When Ivano succeeds in creating his magic cures that can bring back even dead people, they run out of options to test it as nobody dares. Veluthamma is the only one who bravely consents to be tested, touching Ivano deeply, and he refrains from such an illegal activity.

Though Sankara Prabhu and his greedy daughters try their best to entice Ivano to an alliance, Ivano makes it clear that he intents his wife to be a working professional and one who does service to society. Disappointed, as a back up plan, Sankara Prabhu connives with Dr. Pavithran to steal the cure in case Ivano does not marry his daughter.
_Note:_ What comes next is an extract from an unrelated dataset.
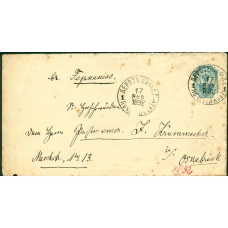 Russia. 1892. Ordinary letter sent from Dorpat on January 17, 1892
Meanwhile, Dr. Pavithran, who was initially in on Sankara Prabhu's devious plans, gets a change of heart and declines to forfeit his ethics as a doctor. This devastates Sankara Prabhu as now, both his Plan A as well as B are foiled.

At this point, Veluthamma is accidentally bitten by a cobra and brought to Ivano's lab, where he immediately proceeds to administer the cure to her. However a bitter and cruel Sankara Prabhu replaces the cure, and Ivano is shocked to see that his cure suddenly does not work.

While everyone is aggrieved to realise that Veluthamma will die, her fiancée Pappy, in his heartbroken bitterness, kicks the captured cobra's glass case, shattering it, and in a poetic twist of fate, the escaped cobra bites Sankara Prabhu's daughter Urmila. Panicked and brought to his knees by God's own hands, Sankara Prabhu is forced to confess what he did and bring up the original bottle of cure so that his daughter may live. Ivano immediately saves Urmila, and then attempts to save Veluthamma too, though it has become risky as time has passed.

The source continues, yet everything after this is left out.